Names
- Full name: AJAX Football Club
- Nickname(s): Men's: Jackas Women's: Jackettes

2024 season
- After finals: VAFA: 4th VAFAW: N/A
- Home-and-away season: VAFA: 3rd VAFAW: 10th
- Leading goalkicker: VAFA: Richie Simon (62) VAFAW: Romy Klooger (2)
- Best and fairest: VAFA: Jordan Cohen VAFAW: Romy Klooger

Club details
- Founded: 30 January 1957; 69 years ago
- Colours: Red White Black
- Competition: VAFA: Premier B VAFAW: Division 2
- Ground: Gary Smorgon Oval

Uniforms
| Home |

Other information
- Official website: ajaxfootballclub.com.au

= AJAX Football Club =

The AJAX Football Club (Associated Judaean Athletic Clubs), nicknamed the Jackas, is an Australian rules football club based in the Melbourne suburb of St Kilda.

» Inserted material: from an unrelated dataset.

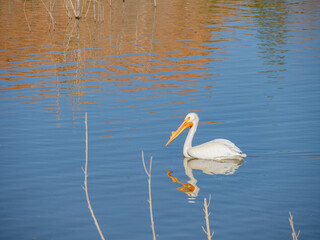 Close up shot of cute Pelican swimming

AJAX was formed by the local Jewish community in 1957, becoming Australia's first and only fully Jewish club competing in the sport of Australian rules football.

As of 2025, the club's men's team competes in the Premier B division of the Victorian Amateur Football Association (VAFA), while its women's team is in Division 2 of the VAFA Women's (VAFAW). An affiliated junior team, the AJAX Junior Football Club, fields teams in the South Metro Junior Football League (SMJFL).

==History==
In 1955, football enthusiast Daryl Cohen proposed the formation of a new club composed of Jewish people. After several months of discussions, the Associated Judaean Athletic Clubs (AJAX) was formally established in January 1957 and admitted into the VAFA the same year.

AJAX adopted the red, white and black colours of the St Kilda Football Club, which also donated a set of jumpers for AJAX players. The Christian cross in the St Kilda logo was replaced by a Star of David. The club won its first premiership in E Section in 1966.

In 1975, AJAX made the E Section grand final against Elsternwick. However, the date of the grand final clashed with Rosh Hashanah (Jewish new year) and, after the VAFA refused to change the date of the game, AJAX forfeited the grand final. The VAFA ultimately reversed their decision and moved the grand final to 13 September 1975, with AJAX going on to win the E Section premiership. Following this, the VAFA agreed to move any games that fell on a Jewish High Holiday to a more suitable date at the club's request.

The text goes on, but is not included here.